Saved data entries
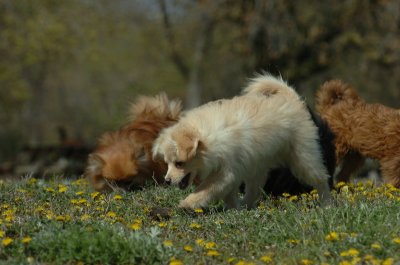 May8_07_074.JPG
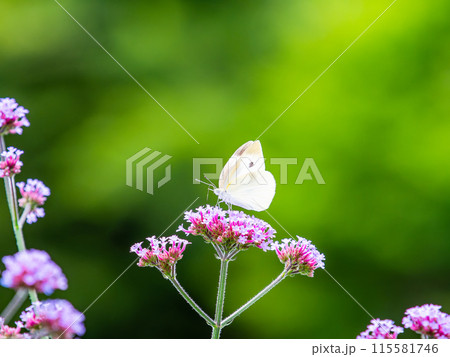 初夏の景色　小さなピンクの花にとまるモンシロチョウ 115581746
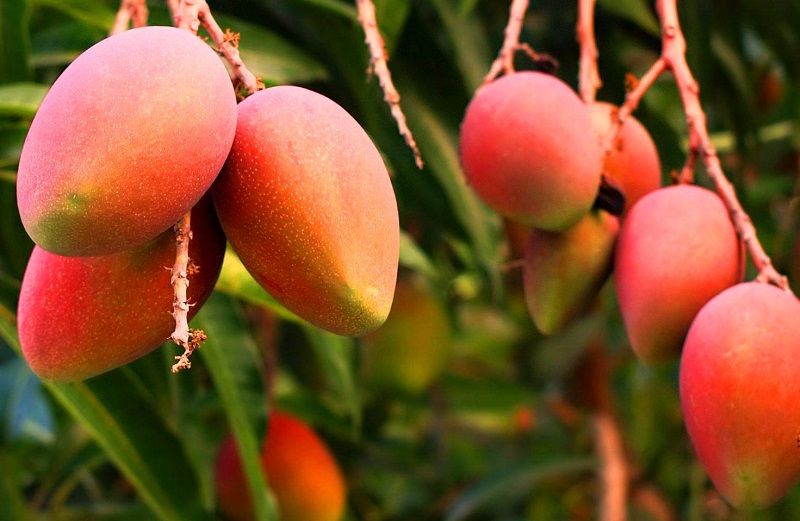 Mangos De Mariangola Podrían Exportarse A Europa 6296
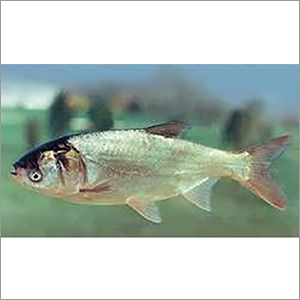 Silver Carp Fish Seed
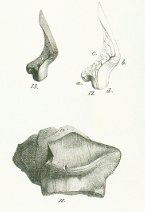 Chomatodus acuminatus Tafel 19 fig. 11, 12, 13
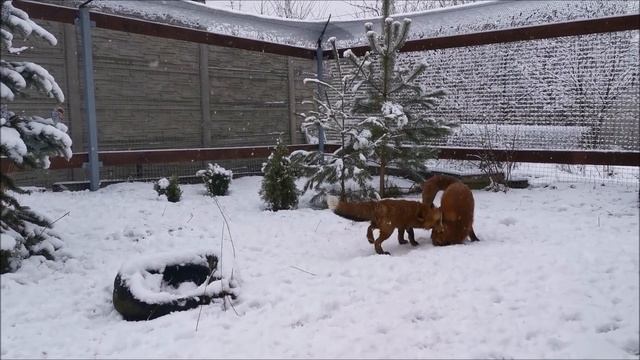 Лис Альф и его лапы. Рассказываю, пока лисички играют смотреть онлайн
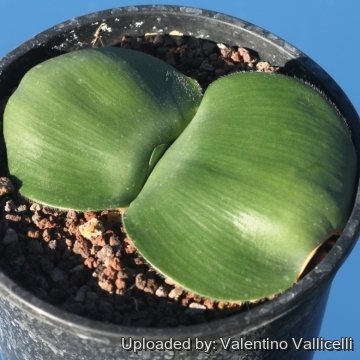 Haemanthus deformis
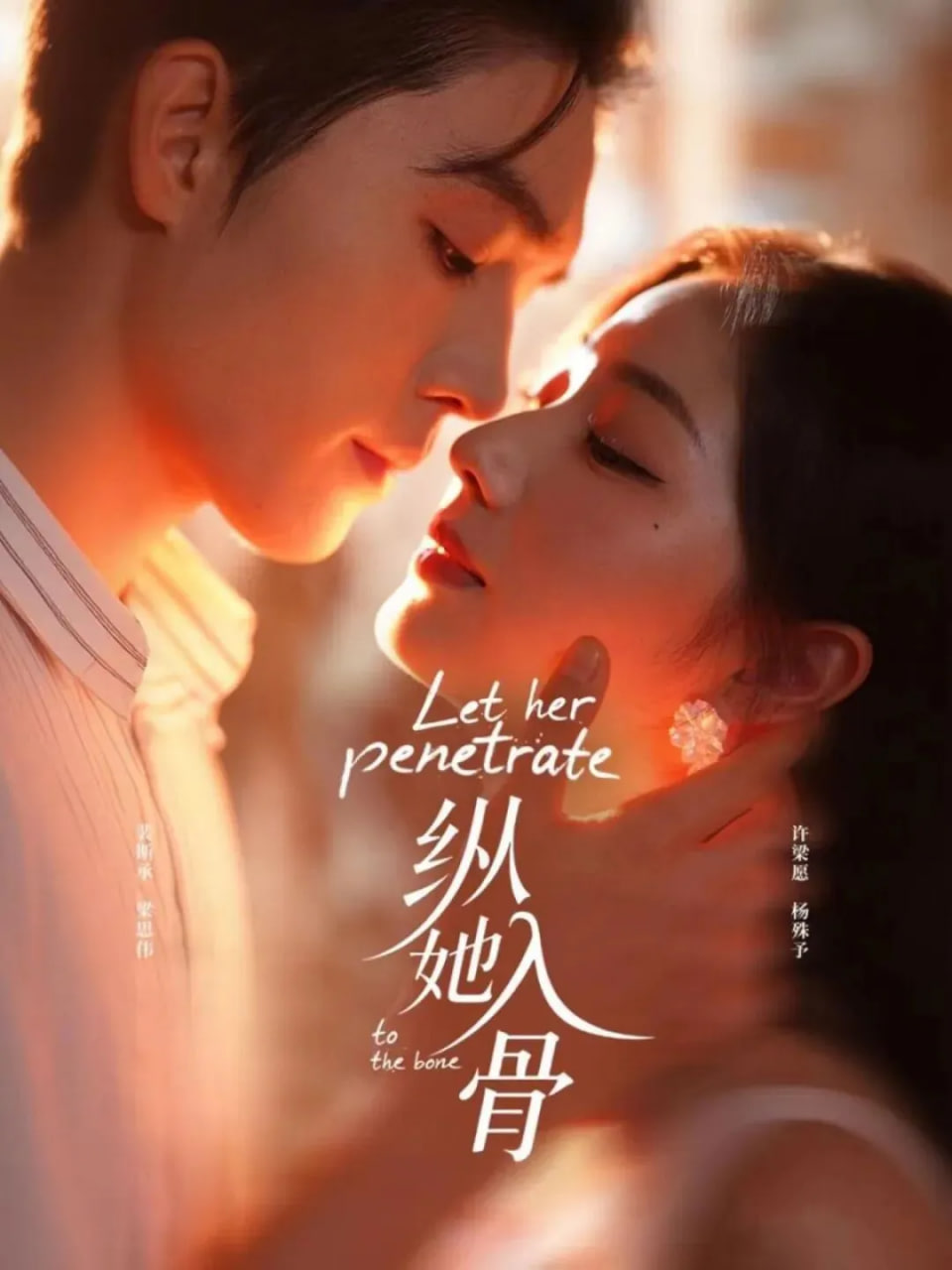 纵她入骨封面图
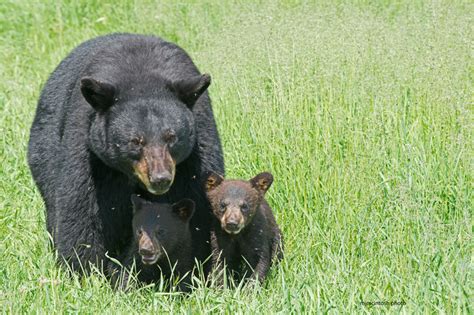 A Mother Bear and Her Cubs | Wise About Bears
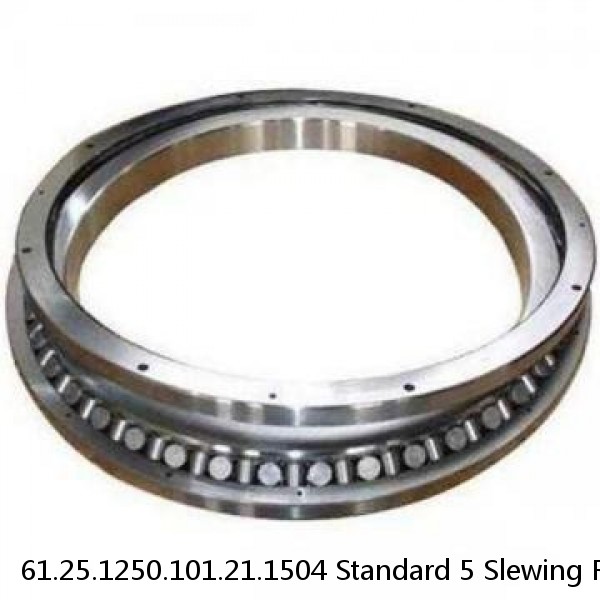 61.25.1250.101.21.1504 Standard 5 Slewing Ring Bearings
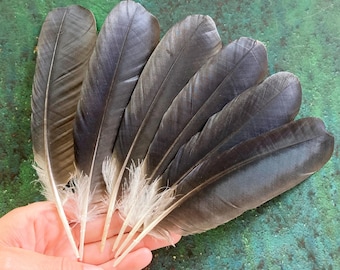 6 Black Hooded Crow Feathers, Wild Bird Cruelty Free Plumage, Naturally Molted, Europe 7" 18cm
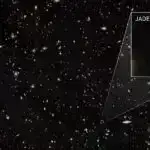 Qrenlandiya köpəkbalığının həddindən artıq uzunömürlülüyünün sirrini araşdırmaq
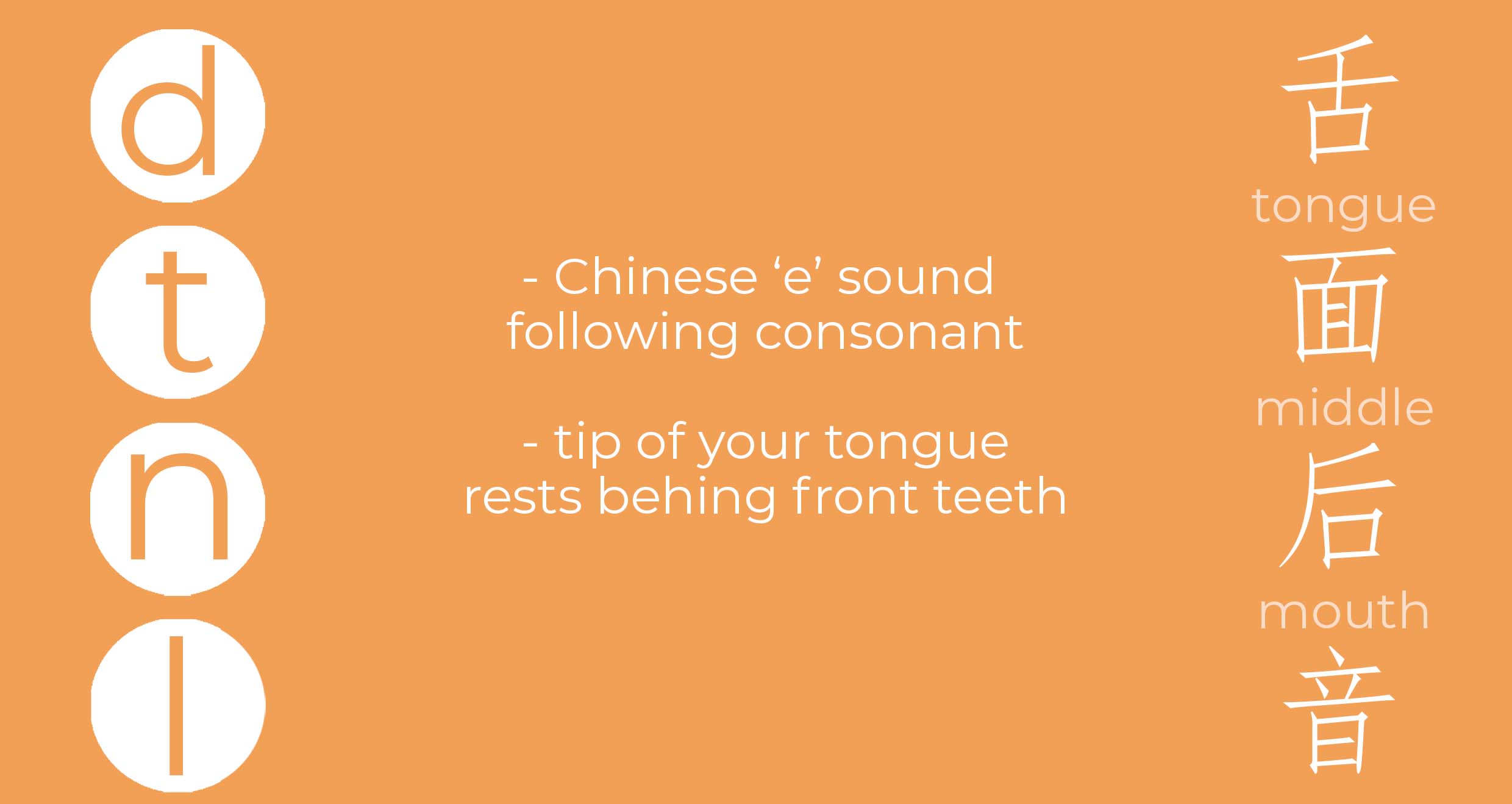 pronounce tongue middle mouth words d t n l information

▸ **YOUR TASK**:
Where the line containing "Mangos De Mariangola" appears, begin writing out the lines word for word, and continue through the last line of the data, leaving out pictures.

▸ **EXPECTED ANSWER**:
 Mangos De Mariangola Podrían Exportarse A Europa 6296
 Silver Carp Fish Seed
 Chomatodus acuminatus Tafel 19 fig. 11, 12, 13
 Лис Альф и его лапы. Рассказываю, пока лисички играют смотреть онлайн
 Haemanthus deformis
 纵她入骨封面图
 A Mother Bear and Her Cubs | Wise About Bears
 61.25.1250.101.21.1504 Standard 5 Slewing Ring Bearings
 6 Black Hooded Crow Feathers, Wild Bird Cruelty Free Plumage, Naturally Molted, Europe 7" 18cm
 Qrenlandiya köpəkbalığının həddindən artıq uzunömürlülüyünün sirrini araşdırmaq
 pronounce tongue middle mouth words d t n l information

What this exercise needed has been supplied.